Die mats braucht man dann schon nicht mehr und eignen sich nur noch zum verkaufen


----------



## RadioactiveMan (31. März 2008)

wenn du verz. skillen willst lässt es sich nicht vermeiden sachen zu entzaubern.


----------



## Qlimarius (26. Juni 2008)

ganz einfach wenn du die mats zum skillen brauchst, dann entzaubern.. falls nicht verkauf die items im AH.. das dissen und mats verkaufen lohnt sich erst wenn man bei den Netheressenzen etc. angekommen ist.. ich glaub alles was unter skill 250 ist lässt sich nicht gewinn bringend verkaufen weil sich jeder die mats ganz leicht selber farmen kann


----------



## Attractolide (26. Juni 2008)

Qlimarius schrieb:


> ganz einfach wenn du die mats zum skillen brauchst, dann entzaubern.. falls nicht verkauf die items im AH.. das dissen und mats verkaufen lohnt sich erst wenn man bei den Netheressenzen etc. angekommen ist.. ich glaub alles was unter skill 250 ist lässt sich nicht gewinn bringend verkaufen weil sich jeder die mats ganz leicht selber farmen kann



Hi, ganz so einfach gestaltet sich die Sache nicht.

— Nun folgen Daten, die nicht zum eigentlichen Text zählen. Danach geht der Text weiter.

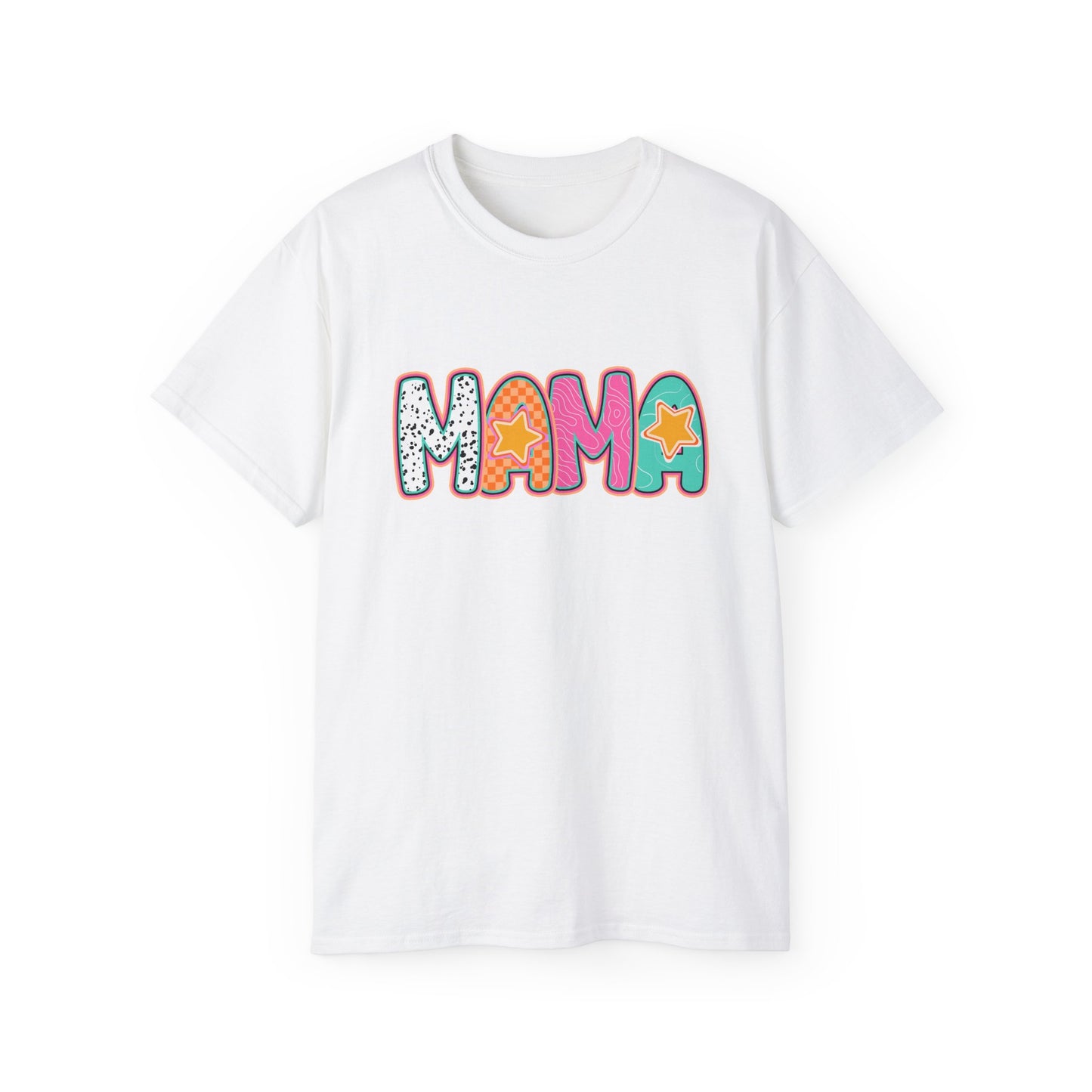 Mama Colorblock Graphic Tee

Theoretisch kann man Items zum entzaubern farmen nur tut das wohl so gut wie Niemand. Schlimmer noch, da nicht mehr viele questen, insbes. im lvl 58 + und dann sofort in die Scherbenwelt gehen fehlen massiv items der Stufen 50-60 (alte Welt) und dadurch kosten auf Arygos z.B. Grosse glänzende Splitter und Grosse Ewige Essenzen um die 20 G pro Stück.
Sicher auch weil sie für 19er PvP Verzauberungen, Verzauberruten und Klassenquests (z.B. Hexermount) benötigt werden.

Prinzipiell gibt es 3 Möglichkeiten: Entzaubern(dissen), Verkauf im AH und Verkauf beim Händler.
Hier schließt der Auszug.